Starting with the first line and ending with the last, transcribe the data exactly.
......
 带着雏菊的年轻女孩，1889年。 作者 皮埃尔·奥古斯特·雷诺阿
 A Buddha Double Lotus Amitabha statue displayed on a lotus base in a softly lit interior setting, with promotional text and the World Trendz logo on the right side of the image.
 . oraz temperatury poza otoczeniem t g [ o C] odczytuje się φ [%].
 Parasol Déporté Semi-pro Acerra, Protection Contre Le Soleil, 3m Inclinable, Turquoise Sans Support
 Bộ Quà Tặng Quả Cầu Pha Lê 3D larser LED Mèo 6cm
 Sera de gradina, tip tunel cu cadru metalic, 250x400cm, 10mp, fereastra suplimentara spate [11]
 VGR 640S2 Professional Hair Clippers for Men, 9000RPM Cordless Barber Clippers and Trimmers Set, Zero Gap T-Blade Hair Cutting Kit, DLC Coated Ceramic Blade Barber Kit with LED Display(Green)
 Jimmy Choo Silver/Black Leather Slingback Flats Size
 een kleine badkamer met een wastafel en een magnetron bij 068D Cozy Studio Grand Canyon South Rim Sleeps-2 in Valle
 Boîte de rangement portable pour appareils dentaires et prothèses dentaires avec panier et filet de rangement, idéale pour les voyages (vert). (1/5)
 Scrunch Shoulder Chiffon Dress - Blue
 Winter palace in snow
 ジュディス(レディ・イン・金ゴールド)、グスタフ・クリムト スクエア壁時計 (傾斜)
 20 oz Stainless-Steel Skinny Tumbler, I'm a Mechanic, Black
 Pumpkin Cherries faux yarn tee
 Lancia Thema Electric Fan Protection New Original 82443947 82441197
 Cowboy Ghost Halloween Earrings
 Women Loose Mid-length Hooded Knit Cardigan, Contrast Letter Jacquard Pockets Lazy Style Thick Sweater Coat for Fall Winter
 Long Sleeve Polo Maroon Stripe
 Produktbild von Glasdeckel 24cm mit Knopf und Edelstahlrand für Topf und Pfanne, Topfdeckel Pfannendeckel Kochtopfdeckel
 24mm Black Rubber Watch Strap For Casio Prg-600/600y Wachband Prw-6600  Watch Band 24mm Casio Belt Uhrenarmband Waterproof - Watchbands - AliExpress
......
(RESPONSE AREA)
 带着雏菊的年轻女孩，1889年。 作者 皮埃尔·奥古斯特·雷诺阿
 A Buddha Double Lotus Amitabha statue displayed on a lotus base in a softly lit interior setting, with promotional text and the World Trendz logo on the right side of the image.
 . oraz temperatury poza otoczeniem t g [ o C] odczytuje się φ [%].
 Parasol Déporté Semi-pro Acerra, Protection Contre Le Soleil, 3m Inclinable, Turquoise Sans Support
 Bộ Quà Tặng Quả Cầu Pha Lê 3D larser LED Mèo 6cm
 Sera de gradina, tip tunel cu cadru metalic, 250x400cm, 10mp, fereastra suplimentara spate [11]
 VGR 640S2 Professional Hair Clippers for Men, 9000RPM Cordless Barber Clippers and Trimmers Set, Zero Gap T-Blade Hair Cutting Kit, DLC Coated Ceramic Blade Barber Kit with LED Display(Green)
 Jimmy Choo Silver/Black Leather Slingback Flats Size
 een kleine badkamer met een wastafel en een magnetron bij 068D Cozy Studio Grand Canyon South Rim Sleeps-2 in Valle
 Boîte de rangement portable pour appareils dentaires et prothèses dentaires avec panier et filet de rangement, idéale pour les voyages (vert). (1/5)
 Scrunch Shoulder Chiffon Dress - Blue
 Winter palace in snow
 ジュディス(レディ・イン・金ゴールド)、グスタフ・クリムト スクエア壁時計 (傾斜)
 20 oz Stainless-Steel Skinny Tumbler, I'm a Mechanic, Black
 Pumpkin Cherries faux yarn tee
 Lancia Thema Electric Fan Protection New Original 82443947 82441197
 Cowboy Ghost Halloween Earrings
 Women Loose Mid-length Hooded Knit Cardigan, Contrast Letter Jacquard Pockets Lazy Style Thick Sweater Coat for Fall Winter
 Long Sleeve Polo Maroon Stripe
 Produktbild von Glasdeckel 24cm mit Knopf und Edelstahlrand für Topf und Pfanne, Topfdeckel Pfannendeckel Kochtopfdeckel
 24mm Black Rubber Watch Strap For Casio Prg-600/600y Wachband Prw-6600  Watch Band 24mm Casio Belt Uhrenarmband Waterproof - Watchbands - AliExpress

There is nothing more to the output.